Ha ! J’ai toujours une difficulté avec ce mot d’improvisation. Je n’écris pas chaque pas mais j’ai une grande pratique des outils de la chorégraphie. J’ai cette pratique globale qui me permet de chorégraphier spontanément. Mais ce n’est pas une improvisation, la danse est contrainte par un focus, limitée par un processus. [Sur Skype, Rosalind Crisp fait une démonstration. Elle explique comment elle passe d’un mouvement à l’autre en tentant de déconstruire les automatismes du corps et les rapports spontanés entre les membres.] Lorsque j’ai dansé la dernière fois DIRtywork, j’ai remarqué que j’avais accumulé suffisamment de matériaux pour détenir une clarté sur les états de mon corps par rapport à ces lieux, comme une forme de complicité. Je pouvais rentrer facilement dans chaque danse parce que j’en avais gardé certains principes. Par exemple l’un des lieux est considéré comme dénué de valeur par les fermiers parce que c’est une terre improductive. Et je ressens une réelle connexion avec ces lieux inutiles, je me sens autorisée à développer une danse inutile, en jouant sur des enchaînements de mouvements qui ne sont habituellement pas considérés comme de la danse : des débuts, incomplets, interrompus, etc. Ces liens, entre ma danse et le lieu, sont devenus un moyen pour atteindre des sensations et éprouver des états. J’ai développé ce processus de danse au fil des années en France et en étroite collaboration avec Céline Debyser, Max Fossati et Isabelle Ginot.
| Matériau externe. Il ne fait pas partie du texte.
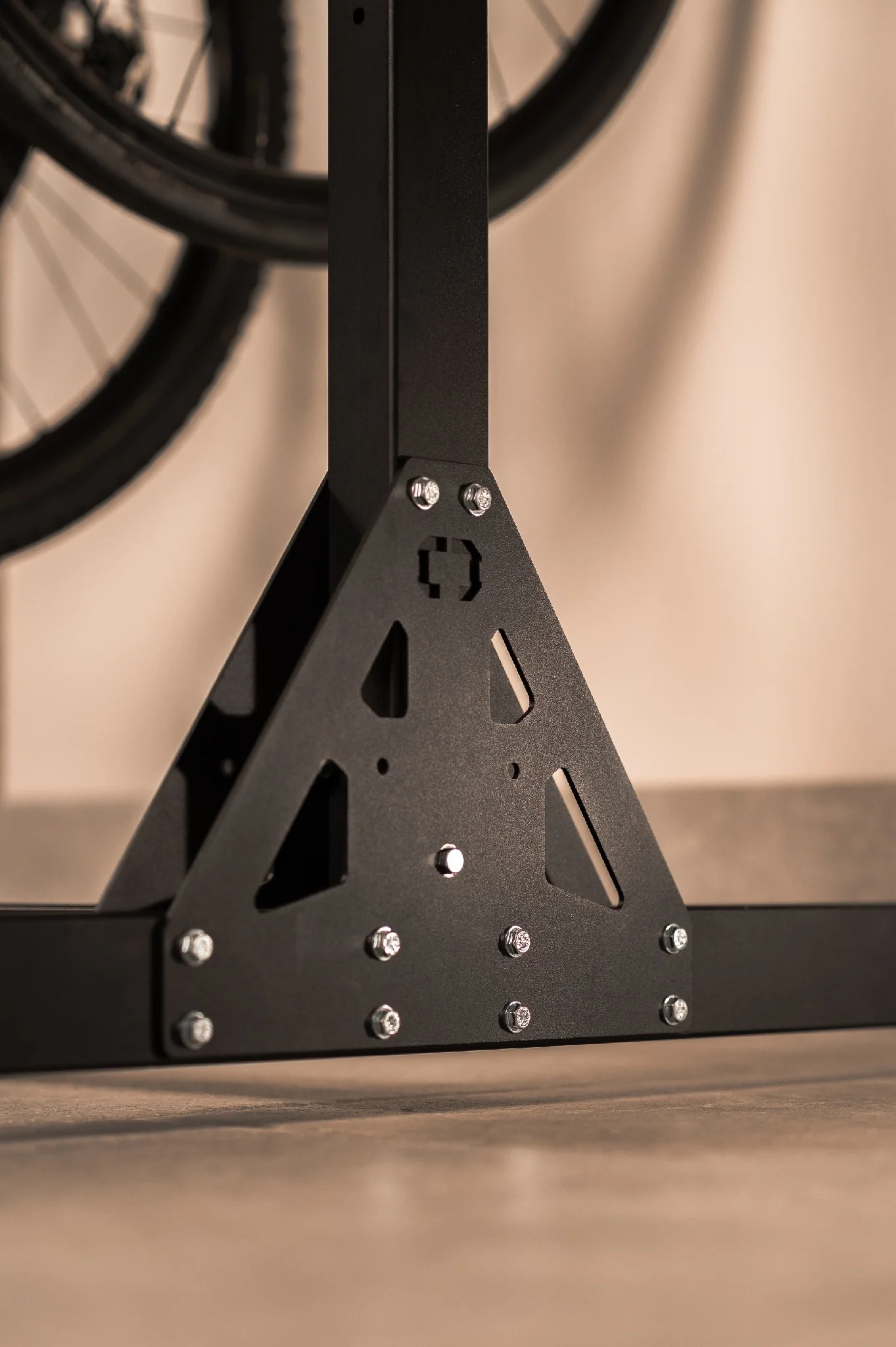 Almost Perfect SpaceRail - 4 Bike Freestanding - Image 10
Quelles sont vos amies du passé, celles qui ont disparu, que vous avez rencontrées ou non mais qui ont inspiré votre travail ?

Je ne pense pas à une artiste mais à Val Plumwood, une humaniste environnementaliste. Elle était australienne, pas très connue et récemment redécouverte. Dans son travail elle a rendu conscient que tout ce qui est consommé par les être humains dans les villes provient de lieux oubliés, de lieux de l’ombre : le métal des ordinateurs, le métal de ton frigo, le papier, l‘eau qui fait pousser le coton des vêtements, etc. Tous ces matériaux proviennent de lieux cachés, donc tous ces matériaux sont en dehors de nos lieux de vie. En Australie, les citadins vont à la campagne pour les vacances, ils viennent avec les chiens et les vélos dans des endroits très sauvages et sont ignorants et inconscients des endroits qu’ils occupent ou traversent. Mais ils ont bien sur le droit d’avoir des vacances ! En ville, la majorité des habitants ne savent pas d’où vient l’eau qui coule de leurs robinets. Il ne reste aujourd’hui qu’un seul fleuve en Victoria qui n’aie pas de barrage pour amener l’eau nécessaire à la ville. La division en Australie a lieu aussi parce que tous ces endroits dévastés sont hors de vue des gens qui, dans les villes, ne voient pas le paysage changer.

La chorégraphe Rosalind Crisp aurait dû présenter son projet DIRtywork au festival June Events 2020. Suite au report des spectacles la saison prochaine, l’Atelier de Paris / CDCN a souhaité donner la parole aux artistes initialement programmé·e·s du 2 au 27 juin. Photo © Lisa Roberts.